On the Middle East in the World Economy, 1800-1914

Owen, Roger. The Middle East in the World Economy, 1800-1914. Revised ed. London: I. B. Tauris, 1993. pp. xxvii + 378. Paperback.

This book is honestly quite incredible. I don’t think it’s an exaggeration to say that books like this simply aren’t produced anymore — we can theorize why (the postmodern preference for cultural and minority histories, the preponderance of the political), but Owen’s work is a nearly encyclopedic time machine, and that it fits so much into so little space is an achievement in itself. The subject is well described by the title: Owen examines the Middle East — defined here as Anatolia, greater Syria (the Levant), Egypt, and Iraq — through the lens of the production, distribution, and circulation of goods. It’s all here: tables of commodity production, involved discussions of tax and land policy, descriptions of global trade, narratives of nascent industry.

That might sound dull, but it’s genuinely interesting. The world is awfully hard to understand without a grasp of its economic base, and the story here matters. The through-line, as I read it, is that the Middle Eastern provinces were badly mismanaged by Ottoman authorities, which the European powers turned to their advantage, fostering an intense dependence that culminated in the direct colonization of Egypt in 1882 and — beyond this book’s scope — the rest of the region after the First World War. Owen opens with a snapshot of the Middle Eastern economy in 1800. Like everywhere else, it was essentially agrarian and dominated by cereal production, though other commodities — cotton, silk, coffee — were grown too, and most regions were self-sufficient, with one major exception: Mount Lebanon, which largely grew mulberries to feed its rich silk industry. Owen pushes back on the idea that the economy was “stagnant” or “in decline,” though it had serious problems, largely from Ottoman tax policy. The Ottomans took a tithe in kind, with producers handing over a share of what they grew, but they also demanded payment in currency, which pushed peasants toward cash crops they could sell to meet their obligations to the Porte. Mismanagement of those revenues left the Porte and Egypt heavily indebted, taking large loans from Europeans — Britain, France, Germany — to meet their largely military obligations, until by mid-century the cost of servicing the debt outpaced everything else. Both went bankrupt and sought bailouts, and European capitalists used the opening to direct Middle Eastern finances as they liked; the region has not, to this day, broken out of that vicious cycle, even with decolonization.
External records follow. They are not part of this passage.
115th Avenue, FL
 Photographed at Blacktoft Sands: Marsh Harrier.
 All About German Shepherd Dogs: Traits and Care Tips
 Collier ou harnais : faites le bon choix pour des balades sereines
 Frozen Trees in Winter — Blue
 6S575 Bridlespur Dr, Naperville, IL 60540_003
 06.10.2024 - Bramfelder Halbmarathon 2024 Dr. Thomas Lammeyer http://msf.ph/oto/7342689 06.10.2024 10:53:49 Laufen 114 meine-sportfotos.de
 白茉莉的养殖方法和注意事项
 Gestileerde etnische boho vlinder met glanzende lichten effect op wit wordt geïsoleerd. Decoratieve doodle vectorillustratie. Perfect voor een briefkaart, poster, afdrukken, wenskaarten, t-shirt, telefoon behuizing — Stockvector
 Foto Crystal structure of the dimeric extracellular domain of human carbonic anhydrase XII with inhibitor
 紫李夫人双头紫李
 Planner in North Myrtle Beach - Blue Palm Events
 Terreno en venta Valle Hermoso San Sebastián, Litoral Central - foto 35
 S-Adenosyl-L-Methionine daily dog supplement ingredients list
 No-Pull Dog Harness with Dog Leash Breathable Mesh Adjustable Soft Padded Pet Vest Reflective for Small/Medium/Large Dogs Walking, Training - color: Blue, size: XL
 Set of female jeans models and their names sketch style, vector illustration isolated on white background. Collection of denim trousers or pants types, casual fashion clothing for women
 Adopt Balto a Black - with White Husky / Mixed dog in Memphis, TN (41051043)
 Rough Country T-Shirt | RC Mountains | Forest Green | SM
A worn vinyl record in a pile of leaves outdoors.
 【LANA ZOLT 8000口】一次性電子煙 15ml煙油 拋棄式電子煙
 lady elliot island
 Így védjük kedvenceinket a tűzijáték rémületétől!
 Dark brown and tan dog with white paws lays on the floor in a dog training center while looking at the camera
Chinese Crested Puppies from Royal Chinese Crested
Owen is honest about the difficulty of the sources. Neither the Ottomans nor the Porte kept records on population, the cost of goods, or even trade, and many of the sources are European consuls, administrators, and businessmen making assumptions — especially for the Mesopotamian provinces, with their large nomadic and semi-nomadic populations and the marsh communities that evaded state supervision entirely. Owen handles all of it with a healthy skepticism, triangulating where he can and telling us plainly when the information isn’t there, and his clarity about his own methods makes me trust him far more. Unrelated to the central argument, the segments on the silk industry, mostly in the chapters on greater Syria, fascinated me — I had no idea how silk was produced, and now that I do, it’s almost obvious why its production collapsed in Lebanon — and his account of Syrian and Lebanese migration helped explain why they became such recognized merchants around the world. The bits on industry, appended near the end of each chapter, interested me too: I hadn’t realized Egypt developed a small, abortive network of factories in the early nineteenth century, though most of the industry covered is small-scale, not factories in the European sense but workshops of fewer than ten men (more than eighty percent of fewer than five). The book won’t be for everyone — it’s dense, slow-going, and packed — but I found it illuminating.